• _What needs to be done_: Copy the lines running from the one that contains "Meet your Posher, Evelyn" to the end of the entries below, exactly and with no pictures.

━━━ Excerpted records ━━━

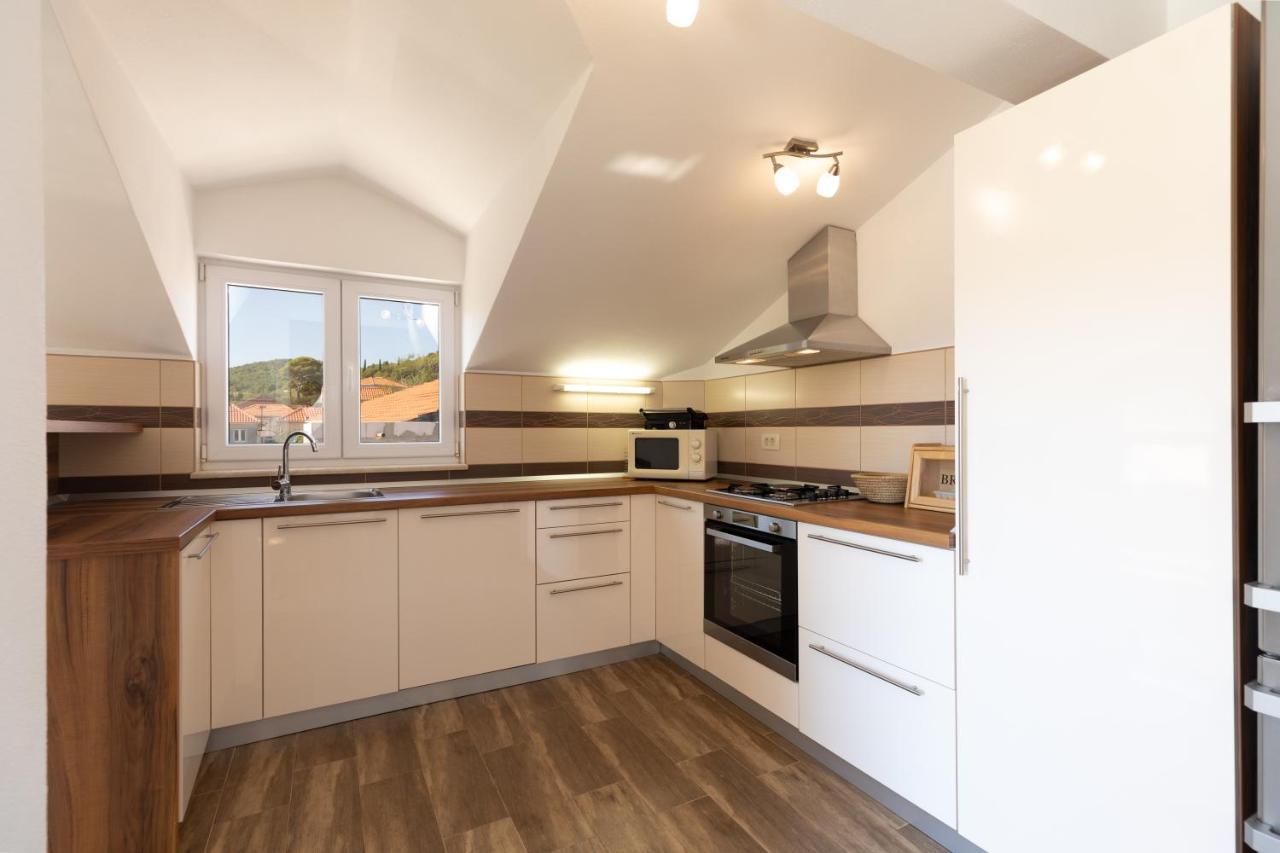 Holiday Home Lydia Slatine Bagian luar foto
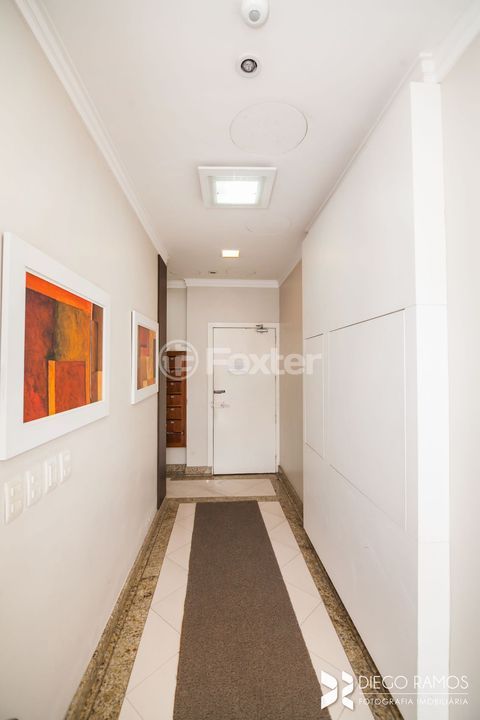 Image 23 - 928436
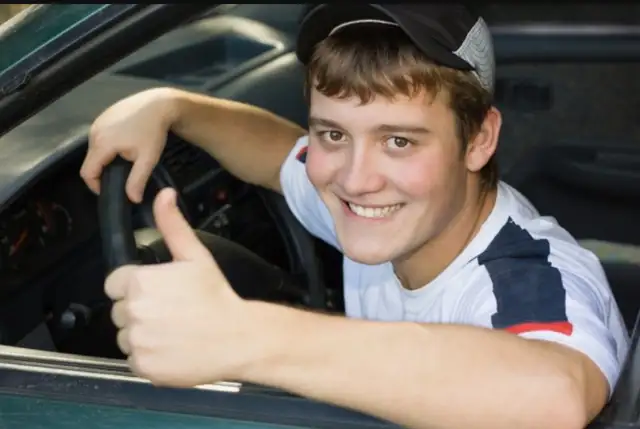 SAVE MONEY WITH BEST DRIVING SCHOOL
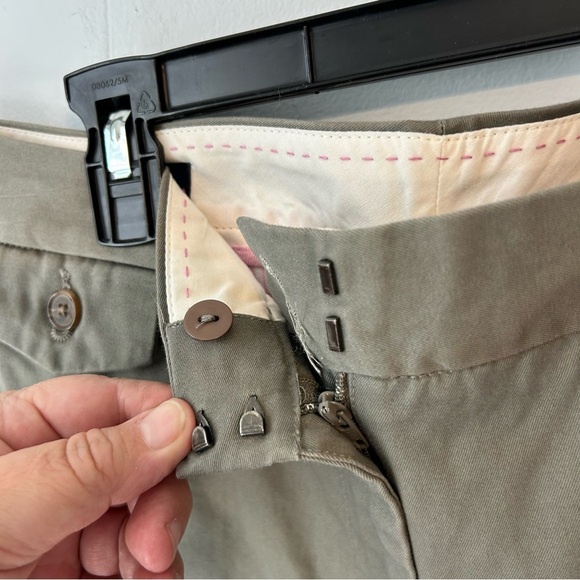 Women’s size 12 Lands End army green summer shorts. Pockets NWT. Preppy look. - Picture 4 of 9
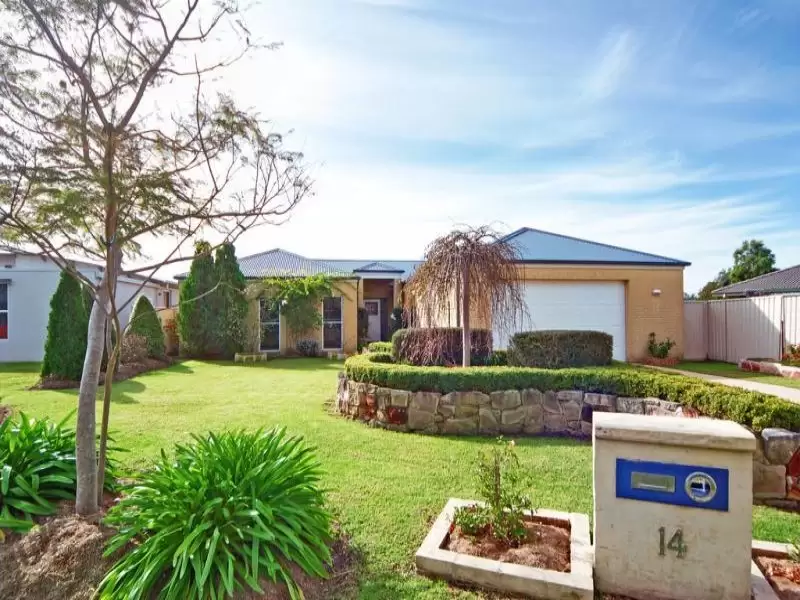 14 The Garden Walk, Worrigee Sold by Integrity Real Estate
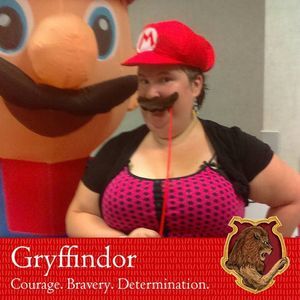 Meet your Posher, Evelyn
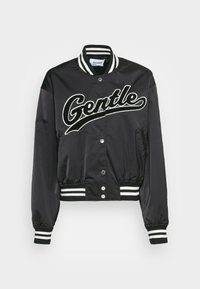 Sort satin bomberjakke med hvide stribede ribbede manchetter og kant. Broderet "Gentle" i hvidt på forsiden, trykknaplukning foran.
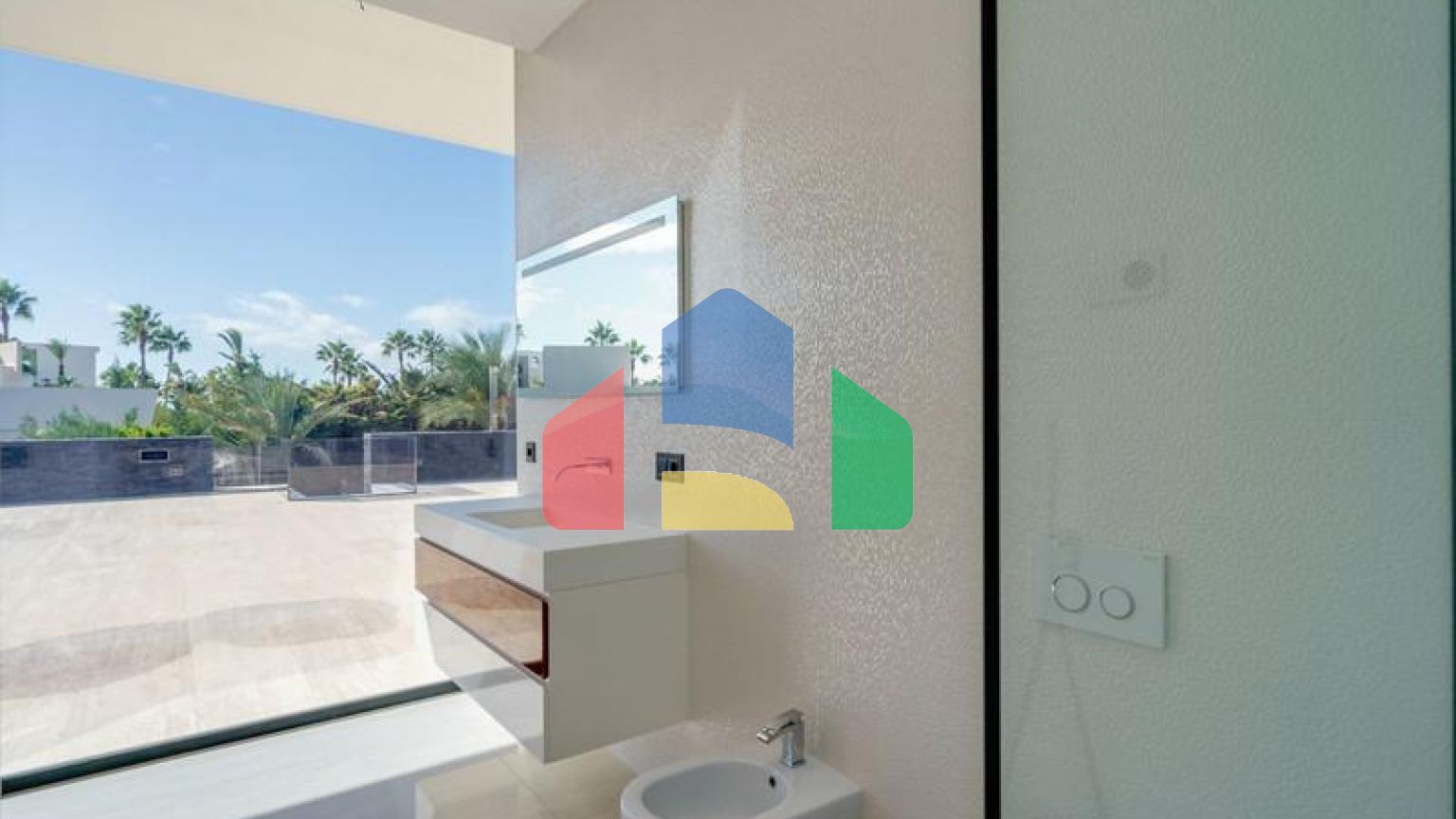 Современная вилла высочайшего качества, совершенно новая и готова к заселению.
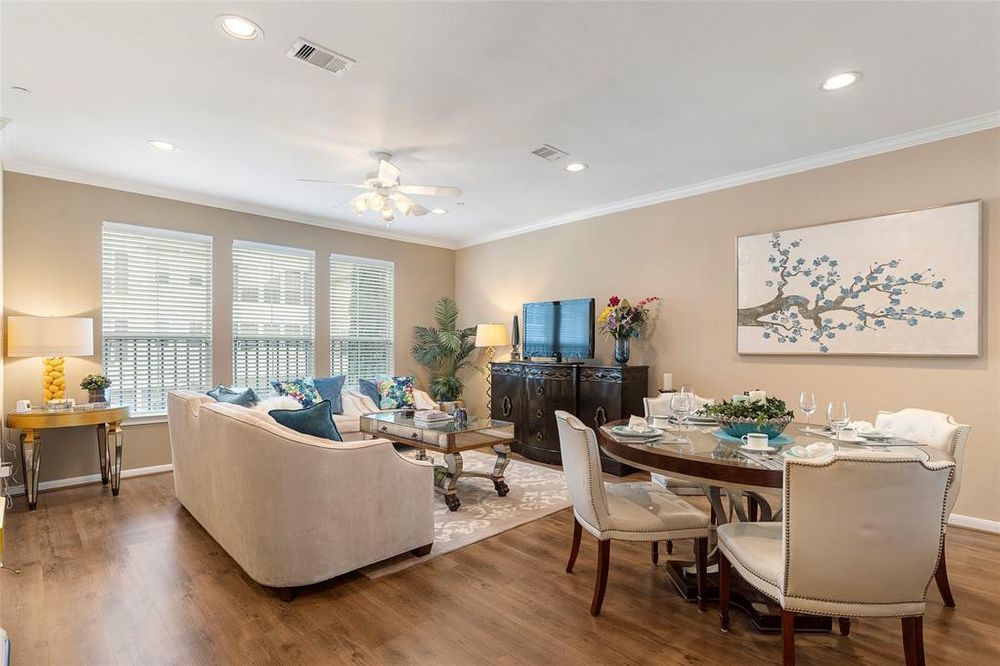 This Condo is The Perfect Blend of Comfort, Convenience & Luxury! property image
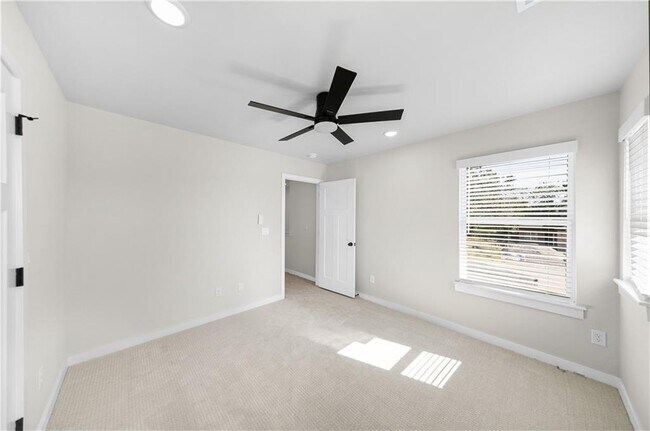 Building Photo - 601 Cosmos St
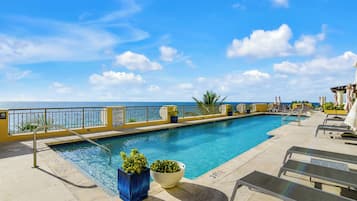 Piscine extérieure, parasols de plage, chaises longues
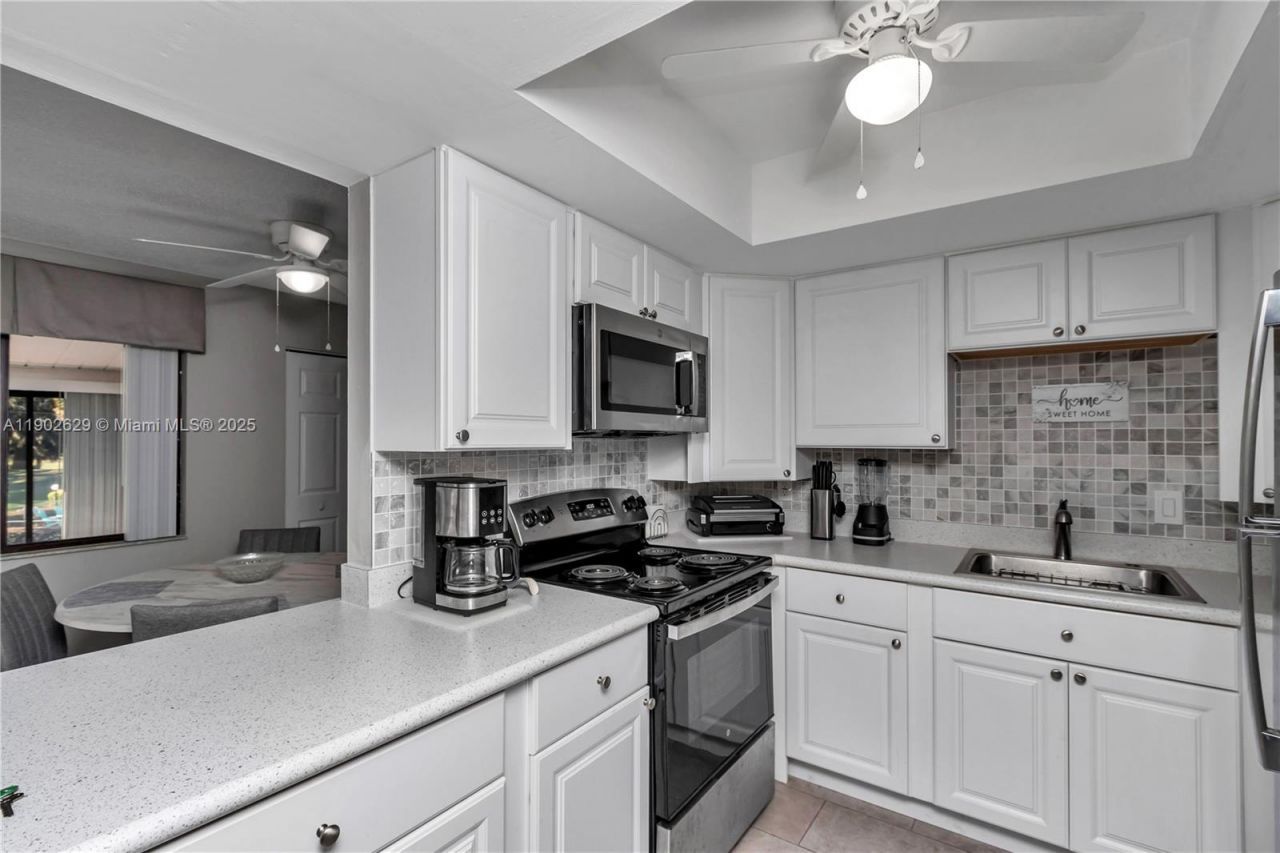 737 Midway Dr, Unit B, Ocala, FL 34472 Photo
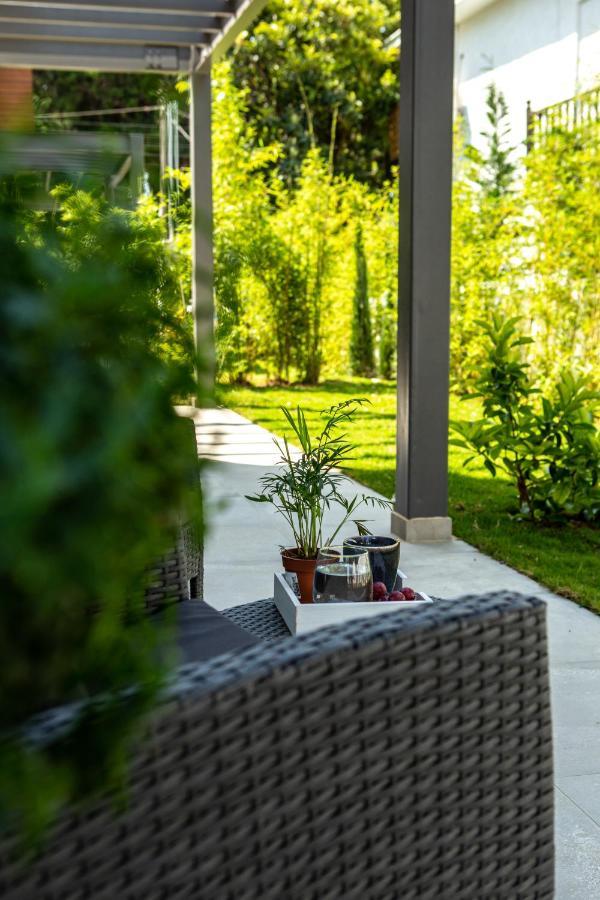 Gaia Maisonettes Nea Kallikrateia Luaran gambar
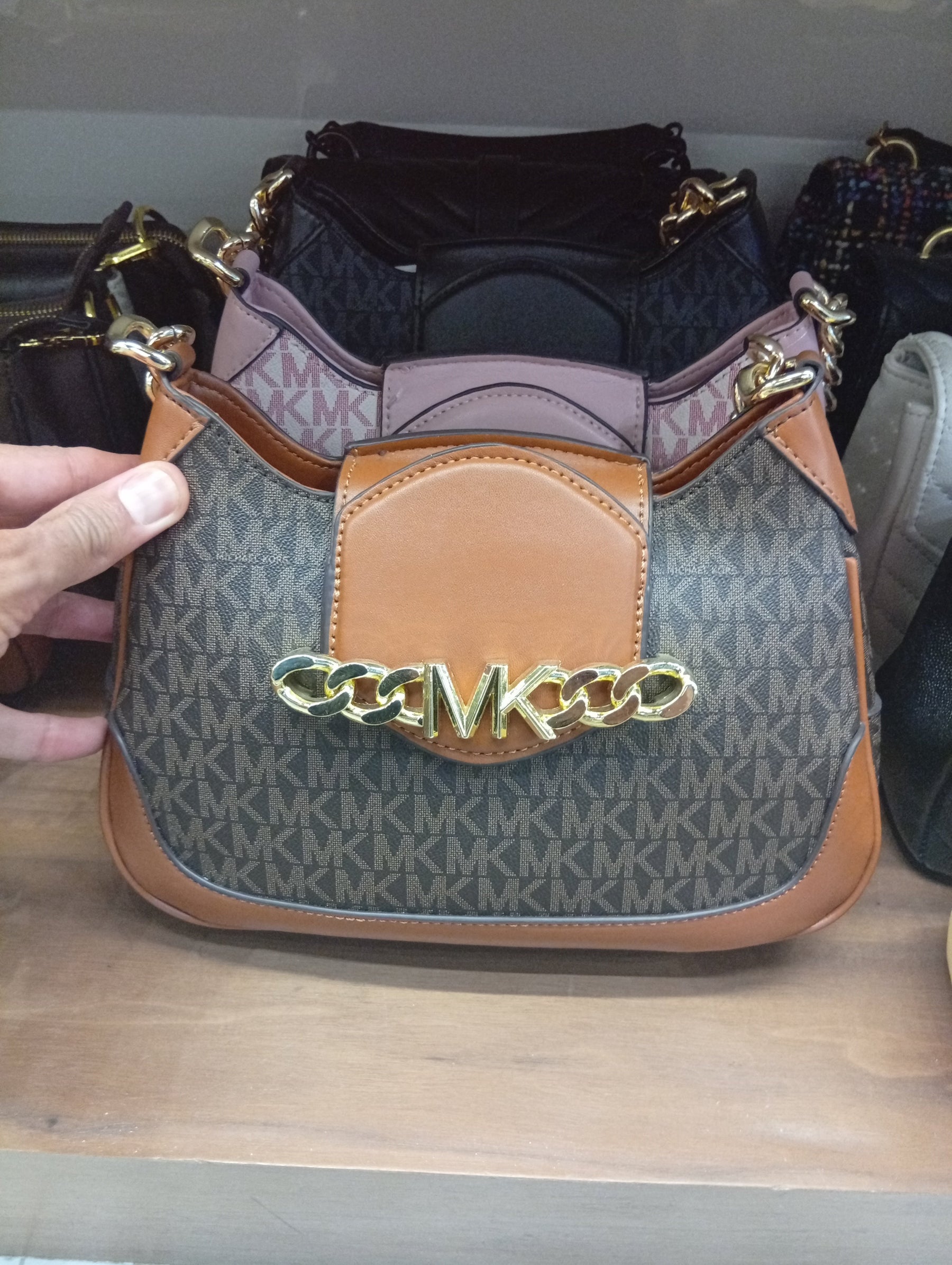 MK Petit sac à bandoulière avec logo signature Hally, Marron/gland.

━━━

• _Task response_:
 Meet your Posher, Evelyn
 Sort satin bomberjakke med hvide stribede ribbede manchetter og kant. Broderet "Gentle" i hvidt på forsiden, trykknaplukning foran.
 Современная вилла высочайшего качества, совершенно новая и готова к заселению.
 This Condo is The Perfect Blend of Comfort, Convenience & Luxury! property image
 Building Photo - 601 Cosmos St
 Piscine extérieure, parasols de plage, chaises longues
 737 Midway Dr, Unit B, Ocala, FL 34472 Photo
 Gaia Maisonettes Nea Kallikrateia Luaran gambar
 MK Petit sac à bandoulière avec logo signature Hally, Marron/gland.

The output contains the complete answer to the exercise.